A Beauty (Bunin)
Division into chapters is editorial.
An officials marriage to a beautiful young woman
An elderly widower who worked as an official in the provincial revenue department married a young beauty, the daughter of the local military commander. The contrast between them was striking.
He was taciturn and modest, while she was self-assured. He was thin, tall, of consumptive build, wore glasses the colour of iodine... And she was short, splendidly and strongly built, always well dressed...
The young woman was not only physically different from her husband but also possessed a completely opposite temperament.
The official seemed unremarkable in every way, yet this was his second marriage to a beautiful woman. His first wife had also been a beauty, which puzzled everyone who knew him. People could not understand what attracted such women to this ordinary provincial official.
He seemed just as uninteresting in all respects as a multitude of provincial officials, but had been wed to a beauty, in his first marriage too – and everyone simply spread their hands: why and wherefore did such women marry him?
The stepmothers rejection of the boy
The official had a seven-year-old son from his first marriage. The new wife immediately developed a deep aversion to the child and acted as though he did not exist in the household.

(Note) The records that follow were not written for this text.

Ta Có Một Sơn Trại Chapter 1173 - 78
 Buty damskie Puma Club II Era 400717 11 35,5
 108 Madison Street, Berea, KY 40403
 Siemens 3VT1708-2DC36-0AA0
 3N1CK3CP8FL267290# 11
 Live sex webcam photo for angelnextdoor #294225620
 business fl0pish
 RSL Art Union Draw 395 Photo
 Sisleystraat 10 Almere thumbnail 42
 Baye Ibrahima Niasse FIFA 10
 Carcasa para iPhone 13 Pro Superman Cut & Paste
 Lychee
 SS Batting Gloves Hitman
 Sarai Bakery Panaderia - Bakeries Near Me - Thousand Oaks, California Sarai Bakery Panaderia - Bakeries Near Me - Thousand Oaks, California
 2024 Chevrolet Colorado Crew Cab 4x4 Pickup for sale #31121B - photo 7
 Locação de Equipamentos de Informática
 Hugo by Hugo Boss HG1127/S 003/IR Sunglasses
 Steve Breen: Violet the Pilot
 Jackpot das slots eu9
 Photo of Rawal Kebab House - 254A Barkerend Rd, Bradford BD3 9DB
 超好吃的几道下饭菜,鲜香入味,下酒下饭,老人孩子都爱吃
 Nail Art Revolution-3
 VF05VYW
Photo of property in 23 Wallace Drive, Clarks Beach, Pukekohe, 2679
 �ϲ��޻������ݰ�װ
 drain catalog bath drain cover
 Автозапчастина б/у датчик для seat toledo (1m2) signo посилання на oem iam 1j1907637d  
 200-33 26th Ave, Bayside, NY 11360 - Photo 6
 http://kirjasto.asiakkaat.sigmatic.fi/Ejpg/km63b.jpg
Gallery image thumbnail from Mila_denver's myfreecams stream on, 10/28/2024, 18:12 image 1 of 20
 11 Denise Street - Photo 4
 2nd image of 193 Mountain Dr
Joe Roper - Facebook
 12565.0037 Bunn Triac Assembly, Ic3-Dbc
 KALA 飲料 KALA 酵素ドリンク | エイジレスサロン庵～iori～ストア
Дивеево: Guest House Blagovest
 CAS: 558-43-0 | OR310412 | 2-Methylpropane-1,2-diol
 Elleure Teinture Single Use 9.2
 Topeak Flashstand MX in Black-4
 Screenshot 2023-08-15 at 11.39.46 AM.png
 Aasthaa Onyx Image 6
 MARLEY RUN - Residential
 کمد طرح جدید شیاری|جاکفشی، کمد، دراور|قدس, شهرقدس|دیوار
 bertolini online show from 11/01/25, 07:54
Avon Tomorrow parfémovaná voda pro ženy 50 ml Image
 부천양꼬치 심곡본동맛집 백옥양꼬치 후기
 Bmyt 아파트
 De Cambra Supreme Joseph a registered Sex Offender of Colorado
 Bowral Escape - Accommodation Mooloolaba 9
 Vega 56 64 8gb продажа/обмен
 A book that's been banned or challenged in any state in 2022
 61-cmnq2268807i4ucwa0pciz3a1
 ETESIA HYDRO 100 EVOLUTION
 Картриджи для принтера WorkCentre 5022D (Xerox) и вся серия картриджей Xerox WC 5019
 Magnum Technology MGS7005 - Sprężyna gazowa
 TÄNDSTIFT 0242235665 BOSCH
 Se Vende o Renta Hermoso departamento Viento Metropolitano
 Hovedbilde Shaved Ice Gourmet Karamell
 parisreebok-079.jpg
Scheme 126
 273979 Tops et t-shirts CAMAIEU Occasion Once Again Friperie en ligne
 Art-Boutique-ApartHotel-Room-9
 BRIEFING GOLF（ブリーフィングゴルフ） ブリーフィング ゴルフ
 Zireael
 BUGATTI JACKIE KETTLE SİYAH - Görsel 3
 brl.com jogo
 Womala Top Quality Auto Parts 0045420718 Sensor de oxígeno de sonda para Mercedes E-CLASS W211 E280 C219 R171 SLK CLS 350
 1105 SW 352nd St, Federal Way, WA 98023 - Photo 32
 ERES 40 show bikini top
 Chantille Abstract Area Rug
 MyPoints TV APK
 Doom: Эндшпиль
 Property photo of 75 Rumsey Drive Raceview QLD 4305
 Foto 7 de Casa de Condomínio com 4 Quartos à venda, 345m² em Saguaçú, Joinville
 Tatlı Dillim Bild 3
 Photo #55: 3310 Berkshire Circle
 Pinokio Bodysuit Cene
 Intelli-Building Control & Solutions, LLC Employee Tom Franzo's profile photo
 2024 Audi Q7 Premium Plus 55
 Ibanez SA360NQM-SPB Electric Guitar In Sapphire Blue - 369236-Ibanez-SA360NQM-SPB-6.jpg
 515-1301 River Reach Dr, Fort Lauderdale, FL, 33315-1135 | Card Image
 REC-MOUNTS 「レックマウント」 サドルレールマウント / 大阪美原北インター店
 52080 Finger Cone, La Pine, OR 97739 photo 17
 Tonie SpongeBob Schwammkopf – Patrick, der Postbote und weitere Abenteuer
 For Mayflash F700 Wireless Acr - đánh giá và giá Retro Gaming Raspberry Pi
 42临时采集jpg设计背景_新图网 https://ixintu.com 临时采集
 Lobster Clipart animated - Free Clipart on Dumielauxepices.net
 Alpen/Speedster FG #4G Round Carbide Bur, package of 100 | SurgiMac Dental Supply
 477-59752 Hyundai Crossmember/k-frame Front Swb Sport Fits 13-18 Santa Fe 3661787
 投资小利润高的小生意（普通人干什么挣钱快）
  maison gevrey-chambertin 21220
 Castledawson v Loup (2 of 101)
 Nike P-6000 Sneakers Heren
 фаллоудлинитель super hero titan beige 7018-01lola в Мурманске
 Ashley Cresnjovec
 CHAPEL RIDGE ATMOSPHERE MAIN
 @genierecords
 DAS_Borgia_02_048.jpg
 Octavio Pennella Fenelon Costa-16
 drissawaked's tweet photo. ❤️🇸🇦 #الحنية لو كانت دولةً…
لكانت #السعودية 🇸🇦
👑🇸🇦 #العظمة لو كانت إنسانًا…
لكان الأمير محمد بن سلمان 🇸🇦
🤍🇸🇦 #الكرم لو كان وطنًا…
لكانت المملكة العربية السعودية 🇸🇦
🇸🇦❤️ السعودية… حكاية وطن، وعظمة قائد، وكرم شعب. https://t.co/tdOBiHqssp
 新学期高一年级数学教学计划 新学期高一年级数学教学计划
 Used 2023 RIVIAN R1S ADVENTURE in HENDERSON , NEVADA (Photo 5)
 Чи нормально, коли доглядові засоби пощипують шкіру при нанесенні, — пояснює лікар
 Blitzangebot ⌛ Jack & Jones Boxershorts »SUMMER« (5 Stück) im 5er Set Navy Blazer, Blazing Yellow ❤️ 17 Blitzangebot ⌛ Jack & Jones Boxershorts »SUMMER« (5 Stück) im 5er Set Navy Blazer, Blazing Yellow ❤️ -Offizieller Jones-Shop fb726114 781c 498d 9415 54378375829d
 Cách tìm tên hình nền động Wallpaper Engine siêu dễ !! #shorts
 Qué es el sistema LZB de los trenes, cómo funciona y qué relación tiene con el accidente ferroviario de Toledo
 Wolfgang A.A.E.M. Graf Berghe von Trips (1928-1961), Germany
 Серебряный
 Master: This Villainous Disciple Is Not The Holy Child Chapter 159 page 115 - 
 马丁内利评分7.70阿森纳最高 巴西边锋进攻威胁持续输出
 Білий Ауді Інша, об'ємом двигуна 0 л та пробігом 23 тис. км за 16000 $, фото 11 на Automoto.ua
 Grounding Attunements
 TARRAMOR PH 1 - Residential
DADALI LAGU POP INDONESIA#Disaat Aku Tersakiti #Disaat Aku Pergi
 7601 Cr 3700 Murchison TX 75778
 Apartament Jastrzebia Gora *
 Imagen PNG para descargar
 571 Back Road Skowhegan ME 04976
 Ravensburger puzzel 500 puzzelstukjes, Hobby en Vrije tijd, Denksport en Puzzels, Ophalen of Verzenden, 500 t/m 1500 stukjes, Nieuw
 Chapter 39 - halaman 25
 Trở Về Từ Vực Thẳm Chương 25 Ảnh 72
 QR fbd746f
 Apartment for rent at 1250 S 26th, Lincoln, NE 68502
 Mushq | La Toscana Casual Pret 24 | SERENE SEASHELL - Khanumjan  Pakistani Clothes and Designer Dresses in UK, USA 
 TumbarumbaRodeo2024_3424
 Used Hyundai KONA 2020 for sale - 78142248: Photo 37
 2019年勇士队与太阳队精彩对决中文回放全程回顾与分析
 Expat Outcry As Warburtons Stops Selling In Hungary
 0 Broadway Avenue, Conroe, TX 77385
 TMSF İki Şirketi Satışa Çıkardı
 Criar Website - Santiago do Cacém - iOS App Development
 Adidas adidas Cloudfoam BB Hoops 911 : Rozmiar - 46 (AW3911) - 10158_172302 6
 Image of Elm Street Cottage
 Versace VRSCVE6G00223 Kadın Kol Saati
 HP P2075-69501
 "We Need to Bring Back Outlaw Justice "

And so the second beauty calmly came to hate his seven-year-old boy by the first one, and pretended not to notice him at all. Then the father too, out of fear of her, also pretended that he did not have, and never had had a son.
The boy, who was naturally affectionate and lively, became frightened to speak in their presence. Eventually, he withdrew completely, making himself virtually invisible in the house.
After the wedding, the boy was moved out of his father's bedroom to sleep on a small couch in the drawing room. His sleep was restless, and he often knocked his bedding onto the floor during the night. The stepmother soon complained about this to the maid.
"It's scandalous, he'll wear out all the velvet on the couch. Make his bed up on the floor, Nastya, on that little mattress I ordered you to hide away in the late mistress's big trunk in the corridor."
The boys isolated existence in his own home
In his complete solitude, the boy began to lead an entirely independent life, isolated from the rest of the household. His existence became quiet and inconspicuous, following the same pattern day after day.
And the boy, in his utter solitude in all the world, began leading a completely independent life, completely isolated from the whole house – inaudible, inconspicuous, identical from day to day...
He spent his days sitting quietly in a corner of the drawing room, drawing little houses on a slate or reading in a whisper from a picture book that had been bought during his late mother's time. He built railways out of matchboxes and gazed out of the windows, observing the world outside that seemed so distant from his isolated existence.
At night, the boy slept on the floor between the couch and a potted palm. He had developed a routine of making up his little bed himself in the evening and diligently clearing it away in the morning. He would roll up his bedding and carry it to his mother's trunk in the corridor, where all his other belongings were also hidden away.
He sleeps on the floor between the couch and a potted palm. He makes up his little bed himself in the evening, and diligently clears it away, rolls it up himself in the morning, and carries it off into the corridor...
The boy's life had become a careful exercise in self-effacement. He existed in the margins of the household, maintaining his small routines with quiet determination. His father, out of fear of his new wife, continued to act as though his son did not exist, while the stepmother maintained her cold indifference toward the child.